Küresel iklim değişikliği, yağış rejimlerinin bozulması ve su yönetimindeki zafiyetler, Türkiye’yi önümüzdeki yıllarda kuraklık tehdidiyle karşı karşıya bırakıyor. Güney Kore’de yürütülen yeni bir araştırma, özellikle İstanbul, Adana, Mersin ve Diyarbakır’da “Sıfır Günü Kuraklığı” yaşanabileceğini ortaya koydu. Uzmanlar, bu illerde önlem alınmazsa musluklardan su akmayacak hale gelinebileceğini söylüyor.
SIFIR GÜNÜ KURAKLIĞI NEDİR?
Mersin Üniversitesi Mühendislik Fakültesi’nden Prof. Dr. Nadir Dizge, bu kavramın içme suyunun tamamen tükenmesini ifade ettiğini belirtti. Dizge, 'Sıfır Günü Kuraklığı'nı için bir şehirde musluklardan artık su akmadığı, tüm içme suyu kaynaklarının tükendiği nokta olarak tanımladı.

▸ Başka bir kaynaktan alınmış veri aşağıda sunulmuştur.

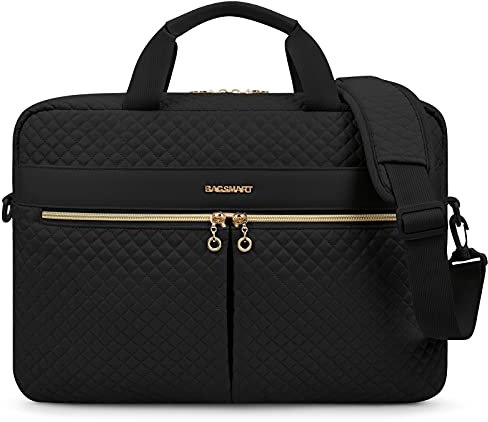 bagsmart Laptoptasche, 17,3-Zoll-Aktentasche für Frauen, große Laptoptasche, Computertasche, Büro, Reisen, Geschäft,Schwarz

2030 KRİTİK EŞİK: ADANA VE MERSİN LİSTENİN BAŞINDA
Modelleme çalışmalarına göre Adana ve Mersin, 2030 yılına kadar en yüksek risk grubunda yer alıyor. Bu illerde beş yıl içinde ciddi su sıkıntısı yaşanabileceğini söyleyen Dizge, “Kapımızı çalacak olan bu tehlikeye karşı derhal harekete geçmeliyiz” uyarısında bulundu. İstanbul ve Diyarbakır içinse kritik tarih 2050 olarak gösteriliyor.
TEKNOLOJİ VAR, KOORDİNASYON YOK
Dizge, kuraklık tehdidine karşı bilimsel ve teknolojik altyapının hazır olduğunu, ancak çözüm için üniversiteler, sanayi ve yerel yönetimlerin ortak hareket etmesi gerektiğini vurguladı. “Elimizde gerekli sistemler ve yöntemler mevcut. Ancak bunların entegre edilerek kullanılabilmesi şart” dedi.
SUYUN DEĞERİ EĞİTİMLE ANLATILMALI
Su bilincinin erken yaşta kazandırılması gerektiğini belirten Prof. Dr. Dizge, ilkokul düzeyinden itibaren eğitimin önemine dikkat çekti. Özellikle sanayi bölgelerinde arıtılmış suyun yeniden kullanımının ve döngüsel su yönetiminin önümüzdeki yıllarda hayati rol oynayacağı ifade edildi.
VATANDAŞLAR KAYGILI AMA YETERSİZ BİLGİLENDİRME VAR
Mersinli vatandaşlar, şehrin su kaynakları konusunda “şanslı” olduğunu düşünse de kırsal bölgelerde sorun yaşanabileceğini söylüyor. Araştırmadan haberdar olduklarını belirten bazı vatandaşlar ise ne tür önlemler alınması gerektiğini bilmediklerini dile getiriyor. Bu da farkındalık çalışmalarının ne kadar önemli olduğunu bir kez daha ortaya koyuyor.